| Exercise directions |
A complete, exact copy of the records is needed here.

| Exercise materials |
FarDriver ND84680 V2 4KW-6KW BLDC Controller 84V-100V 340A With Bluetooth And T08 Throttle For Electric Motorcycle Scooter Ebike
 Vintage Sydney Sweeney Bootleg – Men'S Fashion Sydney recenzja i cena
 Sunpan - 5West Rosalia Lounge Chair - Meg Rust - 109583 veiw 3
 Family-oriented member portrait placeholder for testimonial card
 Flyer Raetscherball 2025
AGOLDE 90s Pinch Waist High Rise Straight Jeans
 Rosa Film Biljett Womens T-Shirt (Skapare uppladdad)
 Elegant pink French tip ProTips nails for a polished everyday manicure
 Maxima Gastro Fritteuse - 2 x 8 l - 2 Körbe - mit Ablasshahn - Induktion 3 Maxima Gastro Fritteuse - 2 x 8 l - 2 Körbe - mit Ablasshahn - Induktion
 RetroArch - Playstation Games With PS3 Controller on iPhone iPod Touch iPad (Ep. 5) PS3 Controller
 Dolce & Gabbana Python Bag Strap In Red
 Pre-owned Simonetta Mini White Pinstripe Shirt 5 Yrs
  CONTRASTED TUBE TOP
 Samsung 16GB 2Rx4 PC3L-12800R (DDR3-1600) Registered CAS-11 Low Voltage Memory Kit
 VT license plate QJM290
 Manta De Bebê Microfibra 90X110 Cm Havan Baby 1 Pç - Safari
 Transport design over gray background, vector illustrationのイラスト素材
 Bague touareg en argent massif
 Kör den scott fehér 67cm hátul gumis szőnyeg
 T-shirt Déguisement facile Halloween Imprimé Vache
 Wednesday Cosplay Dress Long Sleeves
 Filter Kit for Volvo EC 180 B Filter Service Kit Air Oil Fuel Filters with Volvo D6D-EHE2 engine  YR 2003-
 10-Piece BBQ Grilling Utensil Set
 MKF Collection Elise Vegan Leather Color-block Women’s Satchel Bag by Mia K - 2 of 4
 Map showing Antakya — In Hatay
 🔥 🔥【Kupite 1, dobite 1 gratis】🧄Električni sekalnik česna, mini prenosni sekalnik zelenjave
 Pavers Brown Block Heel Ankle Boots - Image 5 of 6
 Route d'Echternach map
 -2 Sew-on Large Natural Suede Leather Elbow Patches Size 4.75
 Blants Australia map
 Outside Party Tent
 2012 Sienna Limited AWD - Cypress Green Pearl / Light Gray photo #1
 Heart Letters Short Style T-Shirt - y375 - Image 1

| Response to the task |
FarDriver ND84680 V2 4KW-6KW BLDC Controller 84V-100V 340A With Bluetooth And T08 Throttle For Electric Motorcycle Scooter Ebike
 Vintage Sydney Sweeney Bootleg – Men'S Fashion Sydney recenzja i cena
 Sunpan - 5West Rosalia Lounge Chair - Meg Rust - 109583 veiw 3
 Family-oriented member portrait placeholder for testimonial card
 Flyer Raetscherball 2025
AGOLDE 90s Pinch Waist High Rise Straight Jeans
 Rosa Film Biljett Womens T-Shirt (Skapare uppladdad)
 Elegant pink French tip ProTips nails for a polished everyday manicure
 Maxima Gastro Fritteuse - 2 x 8 l - 2 Körbe - mit Ablasshahn - Induktion 3 Maxima Gastro Fritteuse - 2 x 8 l - 2 Körbe - mit Ablasshahn - Induktion
 RetroArch - Playstation Games With PS3 Controller on iPhone iPod Touch iPad (Ep. 5) PS3 Controller
 Dolce & Gabbana Python Bag Strap In Red
 Pre-owned Simonetta Mini White Pinstripe Shirt 5 Yrs
  CONTRASTED TUBE TOP
 Samsung 16GB 2Rx4 PC3L-12800R (DDR3-1600) Registered CAS-11 Low Voltage Memory Kit
 VT license plate QJM290
 Manta De Bebê Microfibra 90X110 Cm Havan Baby 1 Pç - Safari
 Transport design over gray background, vector illustrationのイラスト素材
 Bague touareg en argent massif
 Kör den scott fehér 67cm hátul gumis szőnyeg
 T-shirt Déguisement facile Halloween Imprimé Vache
 Wednesday Cosplay Dress Long Sleeves
 Filter Kit for Volvo EC 180 B Filter Service Kit Air Oil Fuel Filters with Volvo D6D-EHE2 engine  YR 2003-
 10-Piece BBQ Grilling Utensil Set
 MKF Collection Elise Vegan Leather Color-block Women’s Satchel Bag by Mia K - 2 of 4
 Map showing Antakya — In Hatay
 🔥 🔥【Kupite 1, dobite 1 gratis】🧄Električni sekalnik česna, mini prenosni sekalnik zelenjave
 Pavers Brown Block Heel Ankle Boots - Image 5 of 6
 Route d'Echternach map
 -2 Sew-on Large Natural Suede Leather Elbow Patches Size 4.75
 Blants Australia map
 Outside Party Tent
 2012 Sienna Limited AWD - Cypress Green Pearl / Light Gray photo #1
 Heart Letters Short Style T-Shirt - y375 - Image 1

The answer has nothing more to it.